=== DATA RECORDS ===

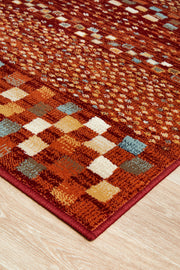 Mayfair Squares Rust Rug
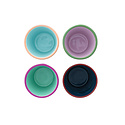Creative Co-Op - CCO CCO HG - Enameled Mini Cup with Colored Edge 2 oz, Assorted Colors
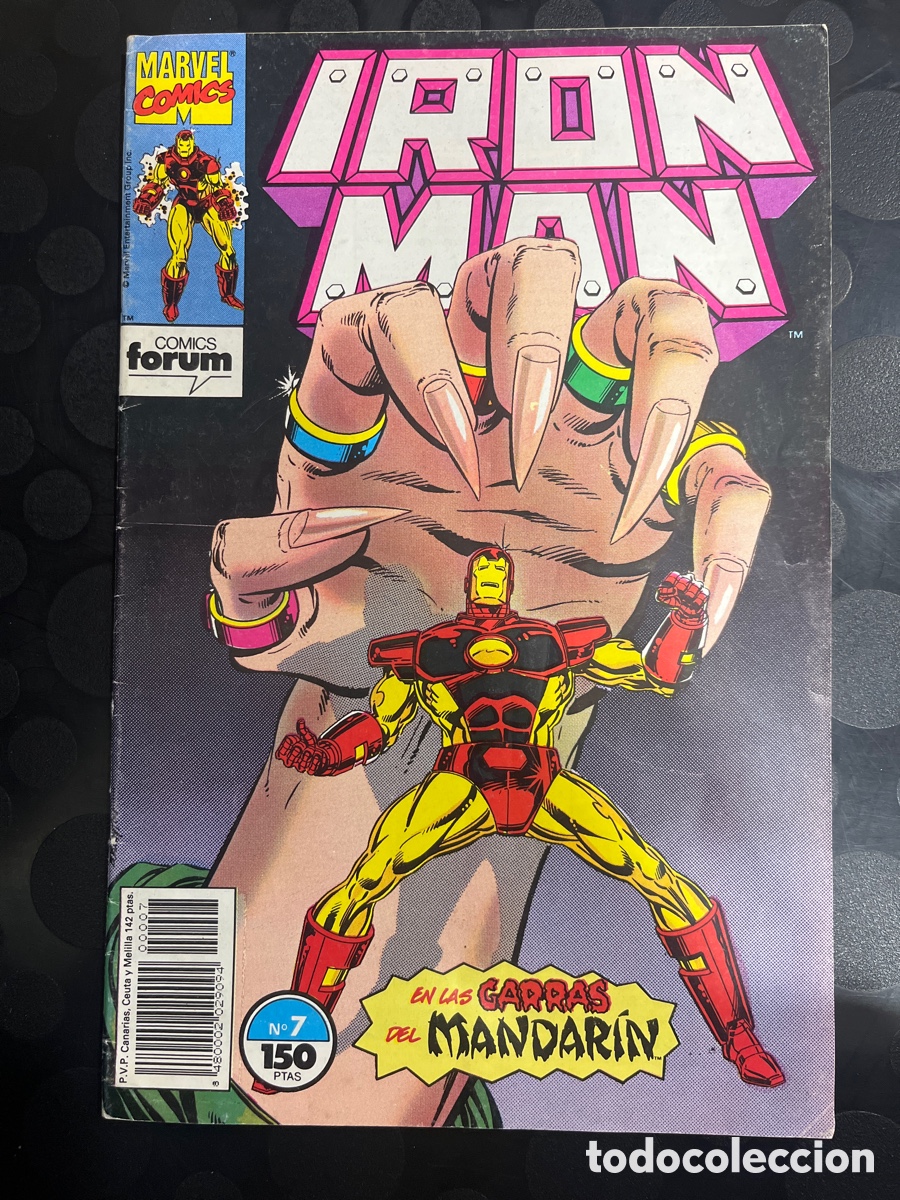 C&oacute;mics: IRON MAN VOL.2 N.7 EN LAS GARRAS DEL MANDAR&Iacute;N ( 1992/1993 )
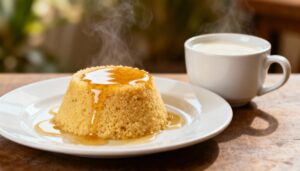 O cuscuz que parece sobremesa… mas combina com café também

===
=== DATA RECORDS ===

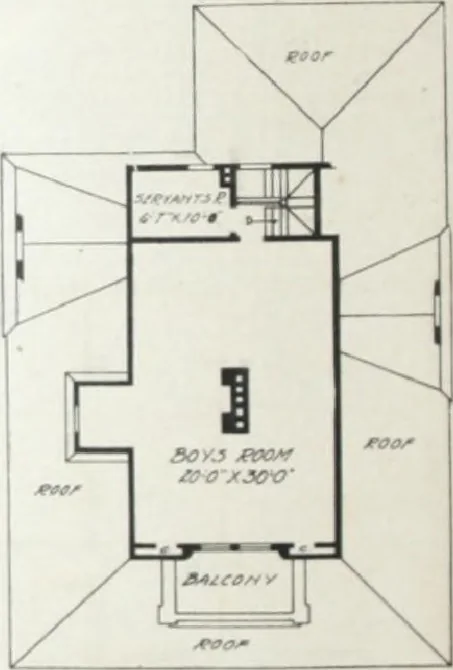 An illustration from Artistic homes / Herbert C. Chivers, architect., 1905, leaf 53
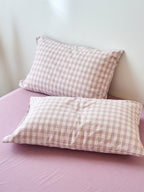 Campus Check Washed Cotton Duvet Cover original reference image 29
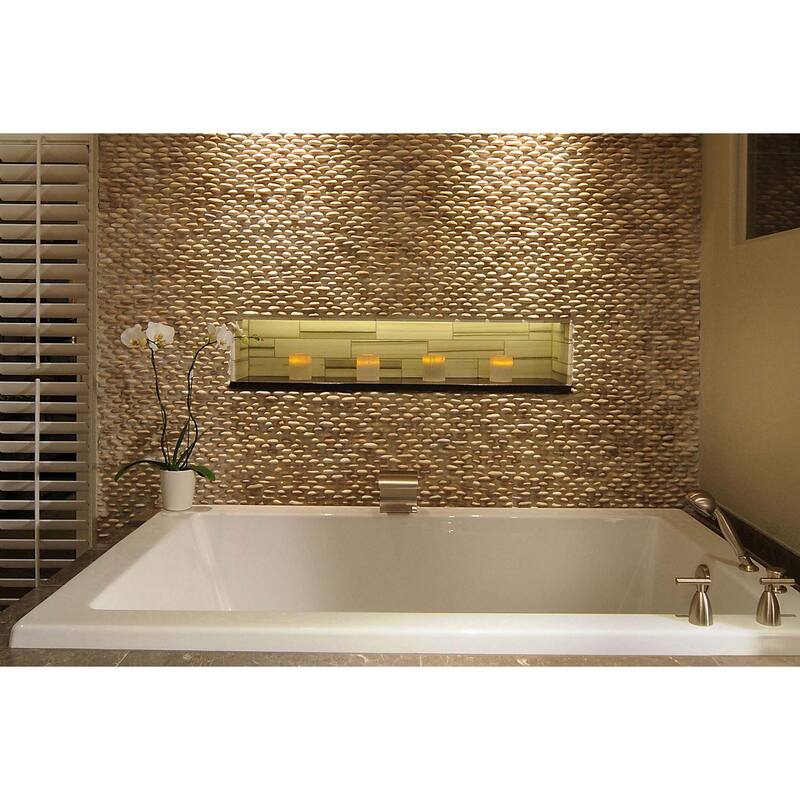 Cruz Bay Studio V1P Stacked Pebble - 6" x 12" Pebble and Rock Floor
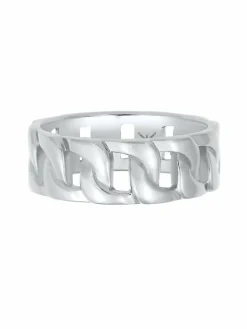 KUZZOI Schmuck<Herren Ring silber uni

===
=== DATA RECORDS ===

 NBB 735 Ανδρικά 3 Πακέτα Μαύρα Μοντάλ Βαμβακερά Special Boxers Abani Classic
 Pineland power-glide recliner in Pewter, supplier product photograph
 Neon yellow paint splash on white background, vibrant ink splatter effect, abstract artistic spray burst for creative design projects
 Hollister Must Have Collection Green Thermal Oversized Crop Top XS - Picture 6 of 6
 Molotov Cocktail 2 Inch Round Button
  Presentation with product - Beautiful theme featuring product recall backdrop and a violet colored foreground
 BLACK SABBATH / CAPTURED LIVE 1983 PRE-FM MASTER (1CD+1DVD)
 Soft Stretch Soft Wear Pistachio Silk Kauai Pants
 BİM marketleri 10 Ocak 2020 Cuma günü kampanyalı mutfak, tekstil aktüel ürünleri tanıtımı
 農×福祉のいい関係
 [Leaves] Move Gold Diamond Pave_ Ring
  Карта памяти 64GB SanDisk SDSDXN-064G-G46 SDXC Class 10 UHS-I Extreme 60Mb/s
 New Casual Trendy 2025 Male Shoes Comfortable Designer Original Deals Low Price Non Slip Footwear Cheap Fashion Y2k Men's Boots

===

> _YOUR INSTRUCTIONS_: Copy nothing but the lines above from the one with "Cruz Bay Studio" to the one with "KUZZOI Schmuck<Herren Ring silber uni", inclusive, word for word. Leave every picture out.

> _TASK SOLUTION_:
 Cruz Bay Studio V1P Stacked Pebble - 6" x 12" Pebble and Rock Floor
 KUZZOI Schmuck<Herren Ring silber uni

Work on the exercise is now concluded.